A casa, ainda sem móveis e com as paredes azul claro, é levantada pelo astral de Corie, cuja roupa laranja e a mala vermelha ressaltam sua forte personalidade. Ela é a intensidade em pessoa; animada com as possibilidades do apartamento e nervosa com o possível julgamento da mãe. Jane Fonda emana luz, combinando um turbilhão de sentimentos com sua natural sensualidade. Paul, por sua vez, é racional e tranquilo, demonstrando preocupação somente com seu espaço de trabalho. Ele é um jovem advogado, ainda em ascensão. Sua fúria surge ao descobrir que o apartamento não é tão redondinho quanto imaginava; a clarabóia tem um rombo, o quarto é literalmente um armário e o aquecedor não funciona. Enquanto enfrentam as diferenças de personalidades e os buracos do imóvel, os Bratter recebem a visita do técnico de telefonia e da mãe de Corie. Outro detalhe: não há elevador e as escadarias se assemelham à pirâmide lunar, no México.

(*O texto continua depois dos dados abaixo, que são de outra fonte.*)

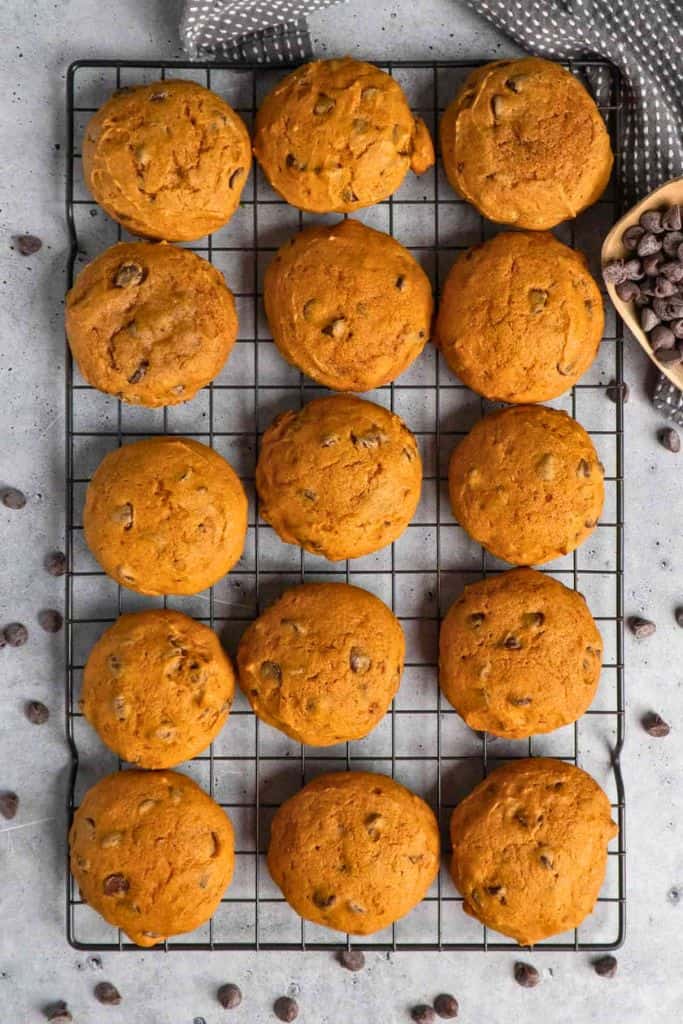 pumpkin choc chip cookies on wire rack.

“Barefoot in the Park” é uma comédia situacional, na qual dois atores excepcionais entendem a vitalidade de suas presenças e se sobressaem. É um filme de carisma e sorrisos sinceros, evitando questionamentos amargos. A trilha sonora, no início, é bastante ativa, sustentando uma atmosfera que remete às antigas comédias musicais. O ritmo dos diálogos – afiadíssimos – também me fez lembrar de filmes nos quais Fred Astaire e Ginger Rogers, após uma deliciosa discussão, cantavam e dançavam. Mas não, Fonda e Redford não chegam lá, mantendo o espectador imerso no vai e vem de um casal de opostos que se amam. O diretor Gene Saks, limitando os cenários, deixa o show para os atores e para os excelentes trabalhos de direção de arte e figurino. A casa, quando decorada, exala simpatia e aconchego, conversando com o estado de espírito dos personagens. O vestido rosa de Corie, na primeira noite em que saem, contrasta com a roupa azul, usada quando os dois brigam e optam por uma ríspida ruptura – ali, não há força e doçura, apenas melancolia.

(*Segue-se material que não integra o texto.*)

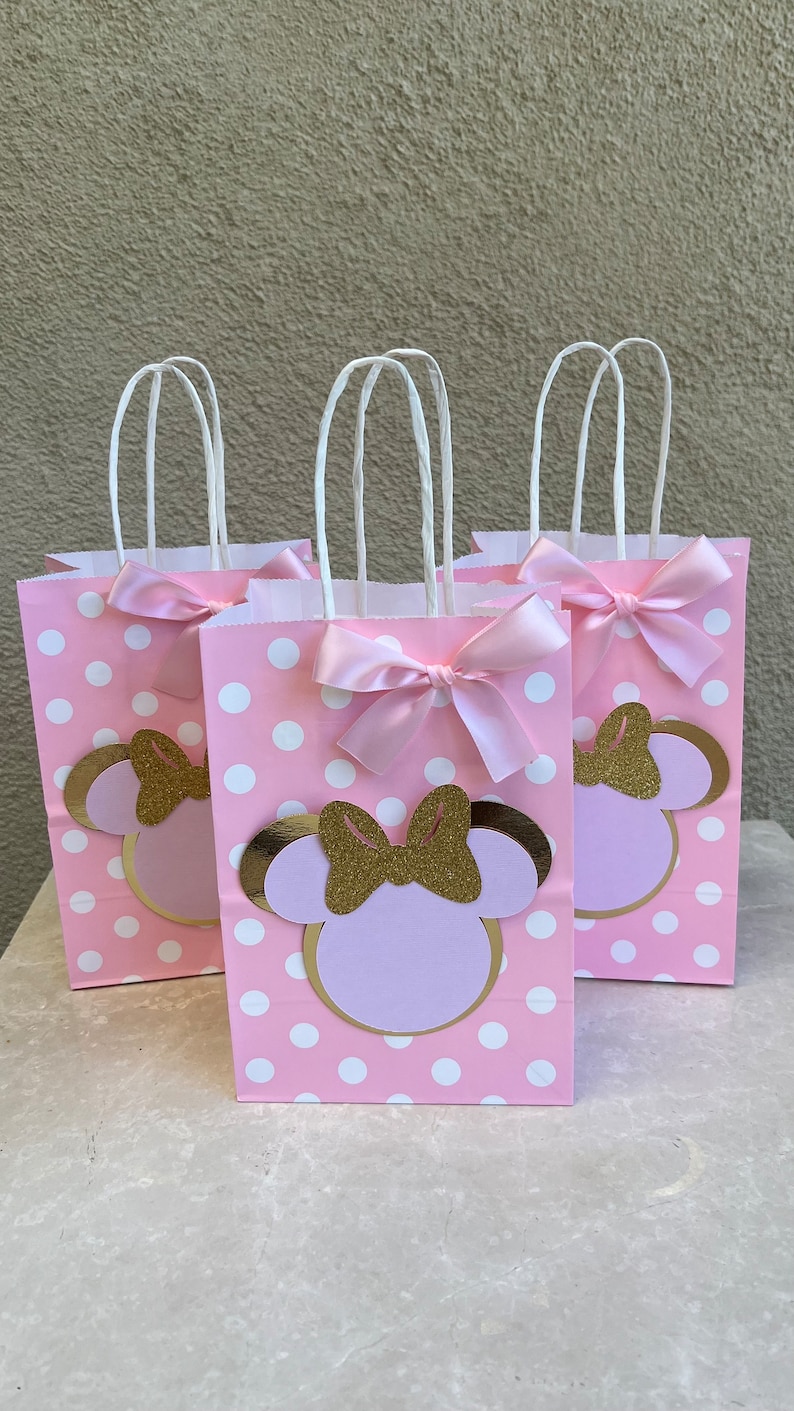 May include: Three pink gift bags with white polka dots, featuring a Minnie Mouse design. Each bag has a gold glitter bow, a light pink bow, and white handles. The bags are arranged on a light-coloured surface.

Victor Velasco, o vizinho excêntrico que vive no sótão, é o ponto que destaca a diferença entre os dois, obrigando-os a repensar certas convicções. Corie é uma mulher noturna, disposta a se aventurar; Paul é um engomadinho conservador. Velasco surge como interesse romântico de Ethel, mãe de Corie, que não poderia ser mais diferente dele, resultando em sequências engraçadíssimas. O apartamento de Velasco é um enigma desde sua porta de entrada até a decoração chinesa. Quem é aquele sujeito amalucado e bem relacionado? As coisas vão de 8 a 80, mas terminam numa nota doce, divertida e otimista. Redford é quem tem mais espaço para ampliar seu arco, com direito a uma bebedeira que termina com Paul descalço no parque. Pouco se fala nisso, mas poucas vezes vi um ator interpretar tão bem alguém resfriado – Redford transmite o quão insuportável é não conseguir falar direito. Jane Fonda prova, novamente, ser um poço de carisma, conquistando o espectador do início ao fim.
“Barefoot in the Park” é exemplar naquilo que se propõe. Diria que é o filme ideal para um domingo à tarde.